Il giudice subordina la restituzione degli impianti «all’imposizione di prescrizioni per consentirne l’adeguamento alle norme tecniche vigenti».
Il gip ha dato 15 giorni di tempo alle società per decidere se aderire alle prescrizioni. Sia la Esso, che la raffineria impianti Sud dovranno ridurre le emissioni provenienti dall’impianto «con la copertura delle vasche costituenti l’impianto di trattamento acque». Dovrà essere presentato un progetto da realizzarsi entro 12 mesi, con garanzia fideiussoria. Gli stabilimenti Esso, Isab Nord e Isab Sud dovranno «effettuare il monitoraggio del tetto di tutti i serbatoi contenenti prodotti volatili o mantenuti in condizioni di temperatura tali da generare emissioni diffuse»; «realizzare impianti di recupero vapori ai pontili di carico e scarico»; «adeguare i sistemi di monitoraggio delle emissioni, attraverso l’adozione di sistemi di monitoraggio in continuo», mettendo a disposizione i dati registrati per via telematica all’Arpa di Siracusa. Solo lo stabilimento Esso dovrà ridurre le emissioni in atmosfera fino al rispetto dei livelli previsti delle migliori tecnologie disponibili, in particolare la riduzione degli ossidi di zolfo in due camini, e degli ossidi di azoto in 21 camini.
L’inchiesta scaturisce dai numerosi esposti e denunce di cittadini, ambientalisti ed enti sulla cattiva qualità dell’aria. Una pila di scartoffie accumulate sul tavolo del procuratore Giordano. Lo stesso magistrato che, a Caltagirone, ottenne il primo sequestro del Muos di Niscemi sfidando le ire degli Stati Uniti e che da quand’è a Siracusa fa tremare i palazzi della politica e della burocrazia con inchieste su corruzione e malaffare.
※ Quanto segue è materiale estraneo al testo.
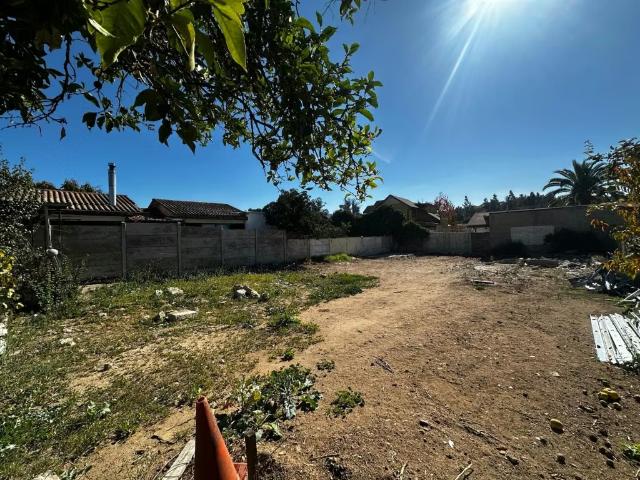 Terreno en arriendo en Quilpué, Valparaíso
E adesso c’è la “mal’aria”. Un tema delicatissimo. «Questa inchiesta – ripete – è una risposta alle innumerevoli istanze che sono arrivate dal territorio sin da quando io mi sono insediato nel settembre 2013. Abbiamo lavorato tantissimo, trovato esperti di livello nazionale con i quali abbiamo concertato le prescrizioni emanate». Ma il lavoro non finisce qui. In quest’ambito, in cui – dopo le presunte responsabilità dirette – si va a caccia di omissioni e coperture. Ma anche in altri fascicoli, a partire da uno, definito «molto corposo e delicatissimo», che riguarda gli effetti dell’attività industriale sulla salute dei cittadini. Sullo sfondo un lavoro ancora più embrionale sullo scempio della depurazione.
«Ci siamo sempre comportati in aderenza alle autorizzazioni che ci sono state rilasciate», assicura Claudio Geraci, responsabile risorse umane e relazioni esterne Isab. La società precisa che «i propri impianti sono e sono sempre stati eserciti nel pieno rispetto della normativa ambientale e delle relative autorizzazioni e prescrizioni alla medesima impartite dalle competenti autorità in materia». E la Esso, «convinta di avere operato nel rispetto della normativa vigente e delle autorizzazioni rilasciatele», sottolinea che «il provvedimento è subordinato a misure che sono allo studio dei nostri tecnici e lascia attualmente la raffineria nel suo normale assetto operativo».